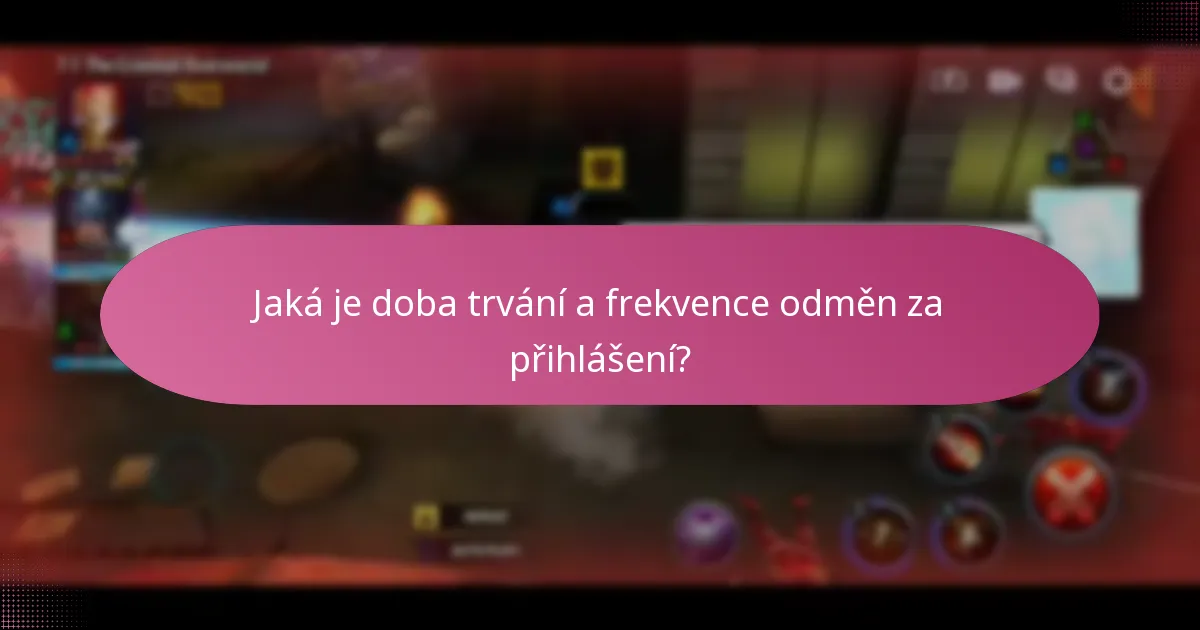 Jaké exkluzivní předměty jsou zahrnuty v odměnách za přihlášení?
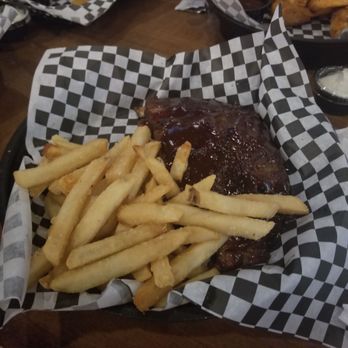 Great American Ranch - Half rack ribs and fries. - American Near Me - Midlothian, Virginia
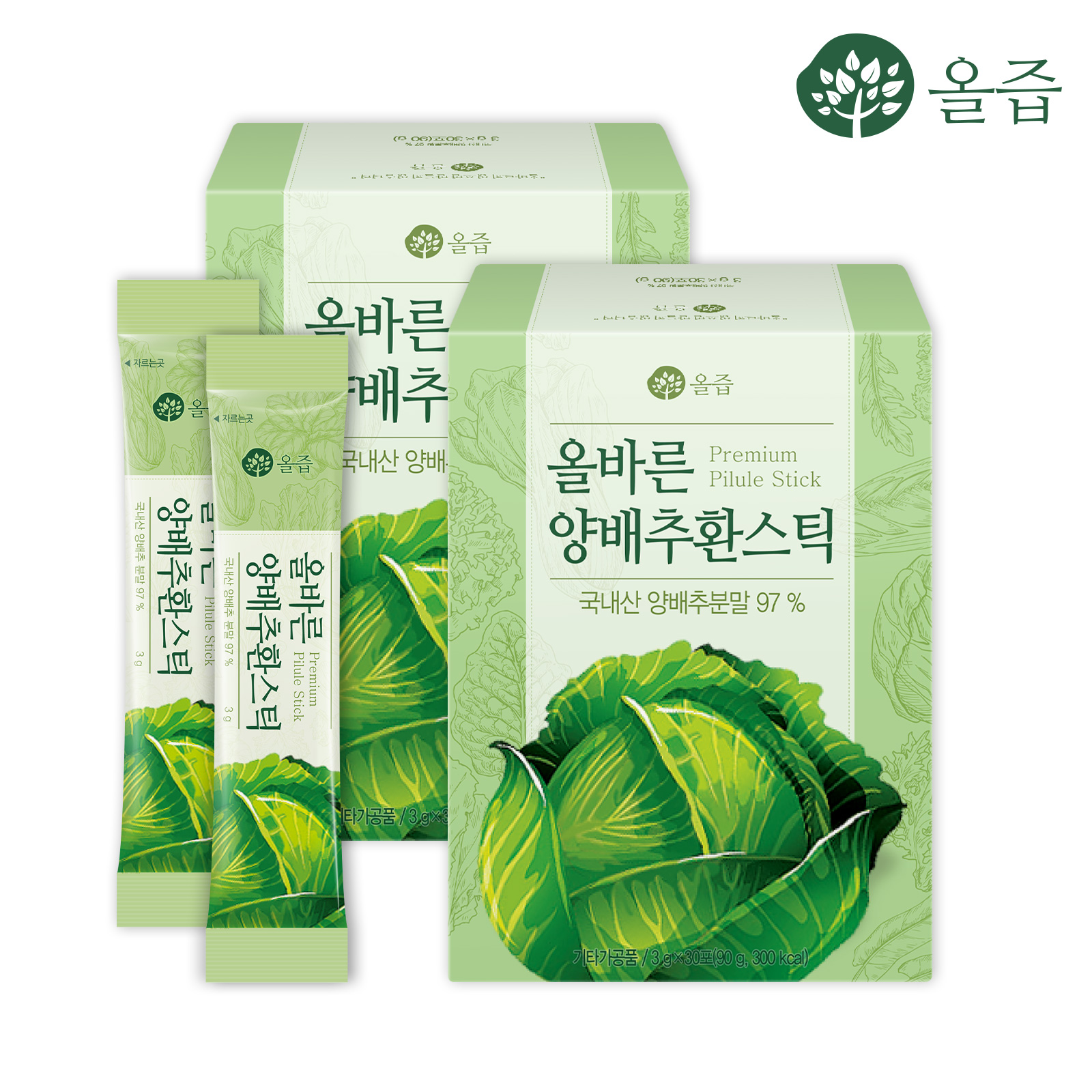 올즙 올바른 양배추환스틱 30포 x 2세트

==

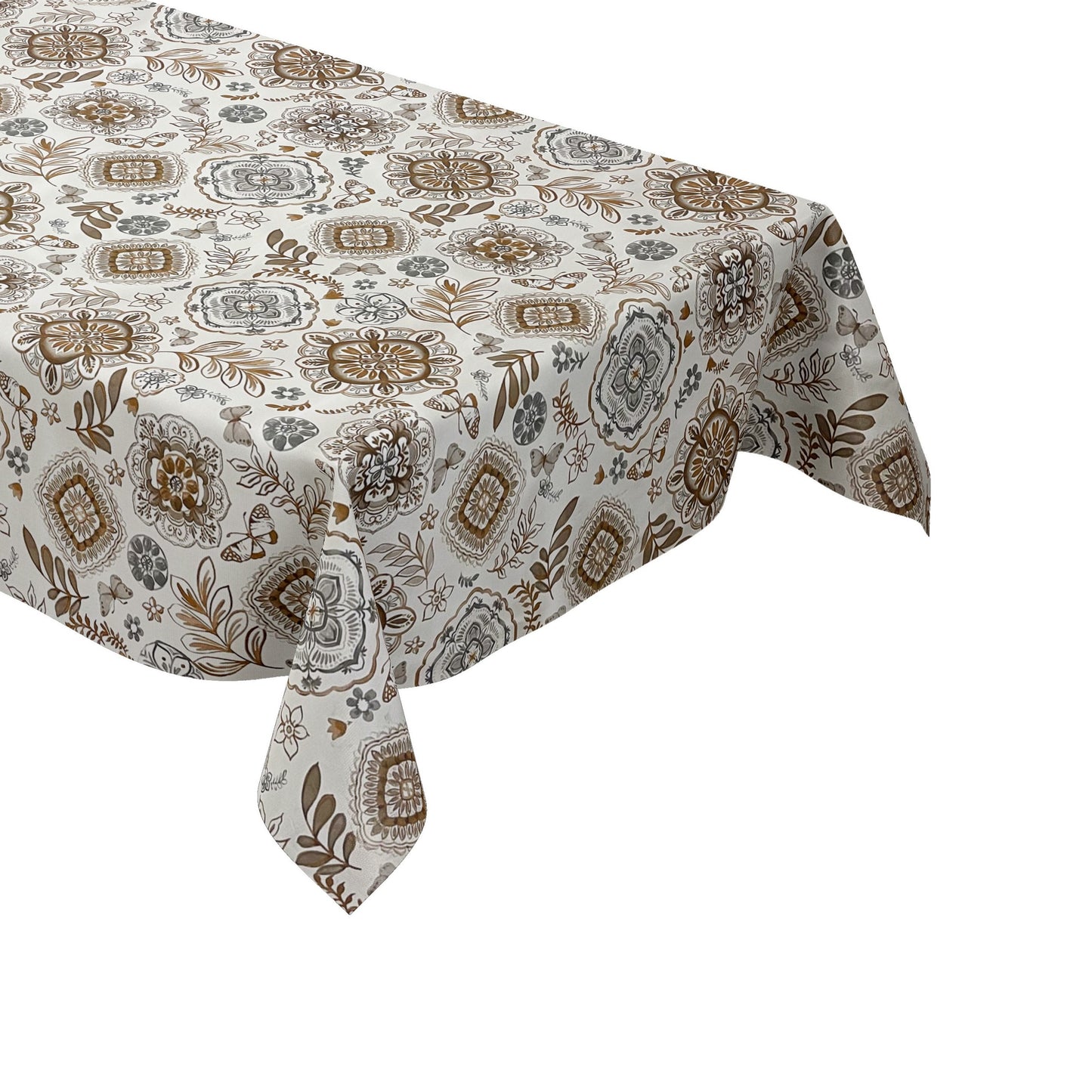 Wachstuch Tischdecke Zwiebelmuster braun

==

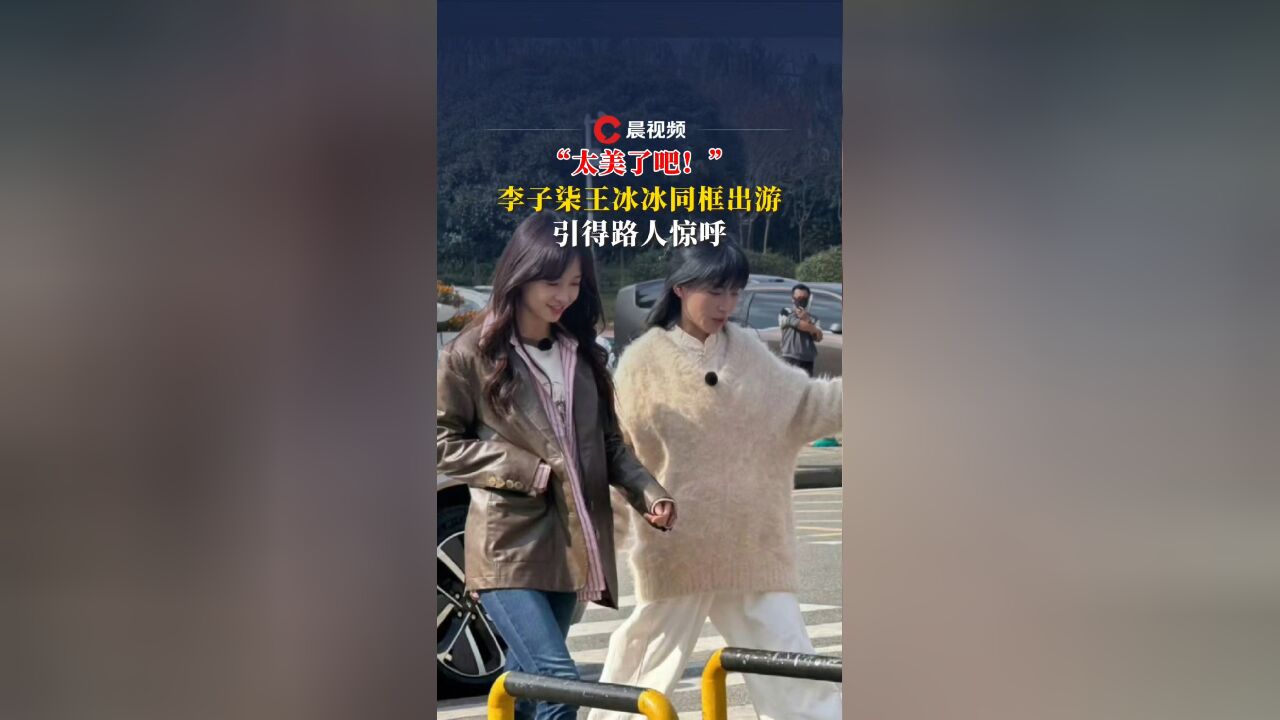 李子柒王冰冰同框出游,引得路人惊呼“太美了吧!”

## INSTRUCTIONS FOR THE TASK:
In the records above, find the line with "Jaké exkluzivní předměty" and the line with "올즙 올바른 양배추환스틱 30포 x 2세트". Write out exactly those lines and every one between, with no pictures and no other lines.

## TASK RESPONSE:
 Jaké exkluzivní předměty jsou zahrnuty v odměnách za přihlášení?
 Great American Ranch - Half rack ribs and fries. - American Near Me - Midlothian, Virginia
 올즙 올바른 양배추환스틱 30포 x 2세트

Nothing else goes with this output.